§ **MATERIAL PROVIDED**:
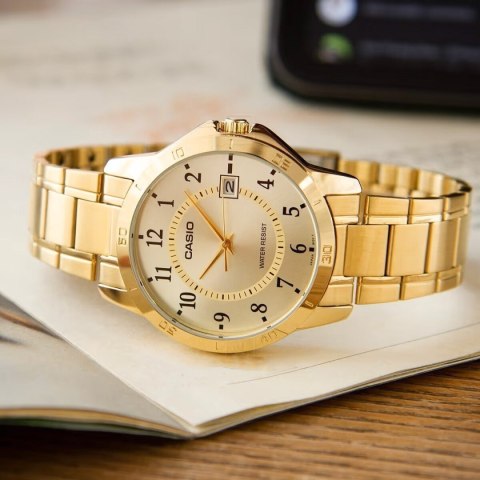 ZŁOTY ZEGAREK MĘSKI CASIO MTP-V004G-9B (zd047a) + BOX
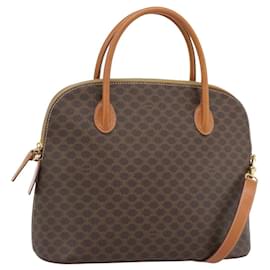 Céline Borsa CELINE Macadam Canvas PVC Pelle 2way Marrone Oro Auth 188224SAV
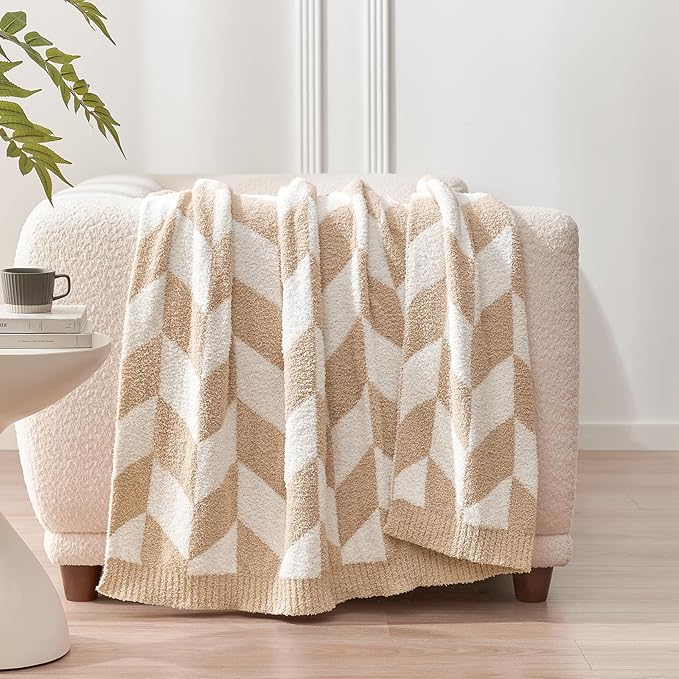 Snuggle Sac Beige Twin Size Blankets for Bed, Super Soft Warm Blankets Oversized Cozy Knit Fuzzy Blanket for Living Room, Chevron Beige,60x80 inches-Ruum Studio Home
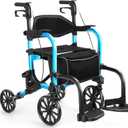 2-in-1 Heavy Duty Rollator Walker with 10" Front & 8" Rear Airless Tires, Foldable Transport Wheelchair for Seniors, Supports Up to 300 lbs, Adjustable Height, Safety Features, Easy Storage (Blue)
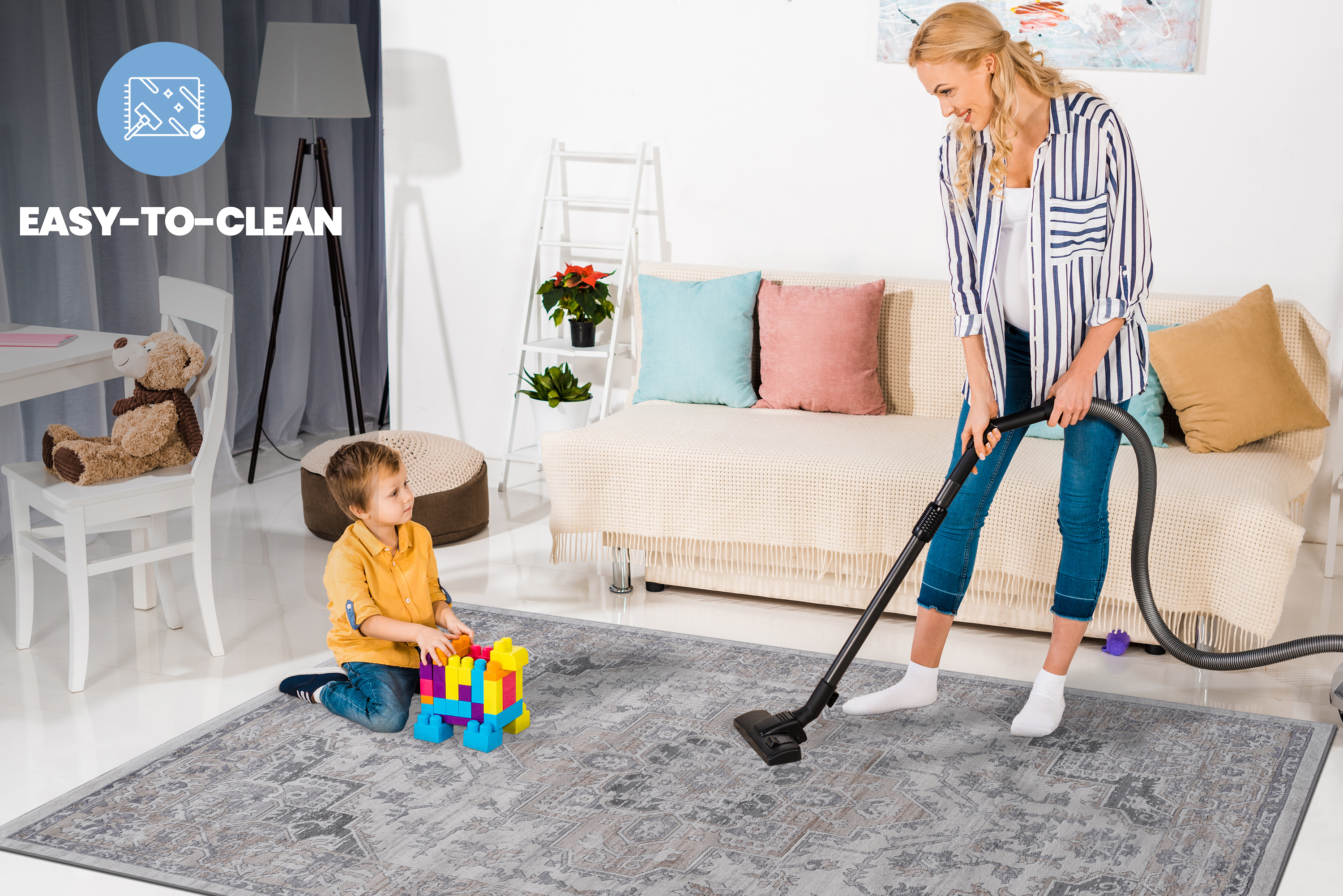 MARFI Oriental Doormat Rug 2'x3' Ivory/Beige - Stain Resistant Polyester, Low Pile Entryway Mat for Living Room, Bedroom, Pet-Friendly, Durable Turkish Quality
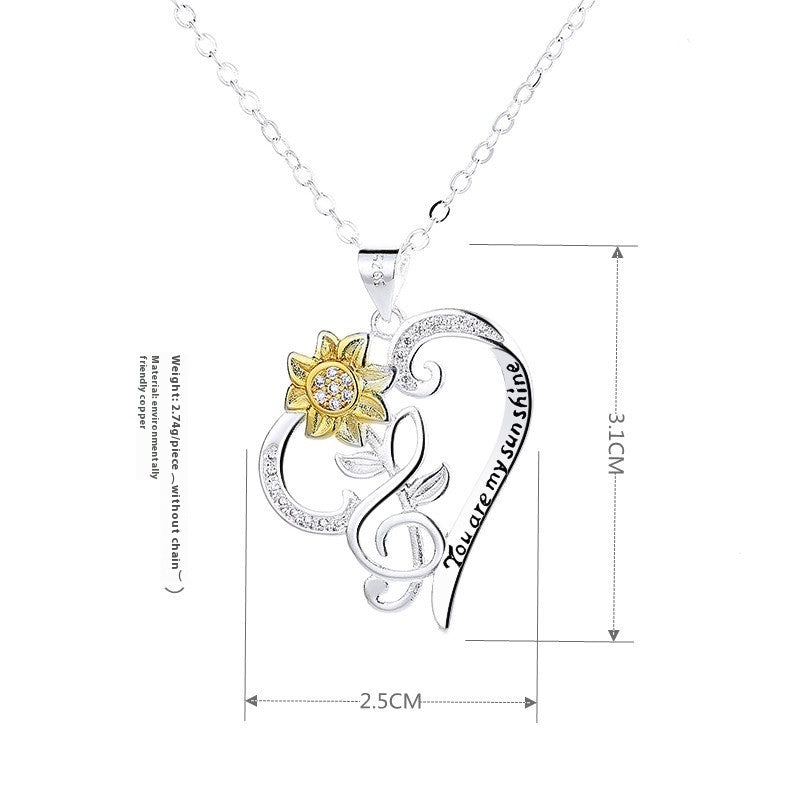Pastoral Style Two-color Sunflower Pendant Trend Heart Clavicle Chain LadyShow.Store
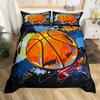 Basketbal Soft Duvet Cover Twin Quen for Young Boys Tens Bedrom Sports Games Beding Set Rustic Farmhouse Woden Board Warm Comforter Cover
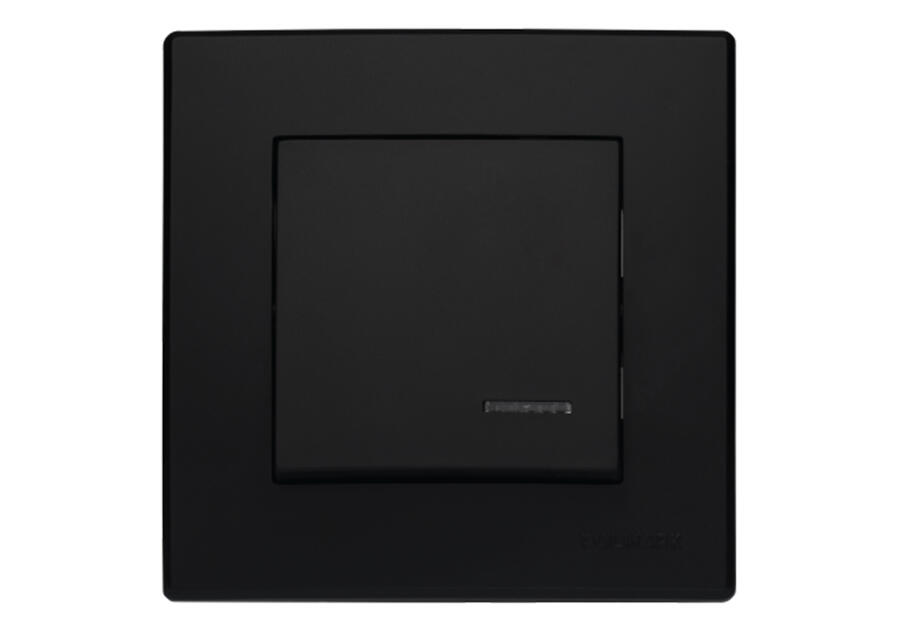 Zdjęcie: Łącznik pojedynczy Milano jednobiegunowy z podświetleniem ŁP-1LS.CZ czarny POLMARK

§ **WHAT IS NEEDED**: Please copy, exactly and only, the lines of the listing that run from the one holding "Basketbal Soft Duvet" through its last line, and exclude pictures.

§ **ANSWER TO THIS EXERCISE**:
 Basketbal Soft Duvet Cover Twin Quen for Young Boys Tens Bedrom Sports Games Beding Set Rustic Farmhouse Woden Board Warm Comforter Cover
 Zdjęcie: Łącznik pojedynczy Milano jednobiegunowy z podświetleniem ŁP-1LS.CZ czarny POLMARK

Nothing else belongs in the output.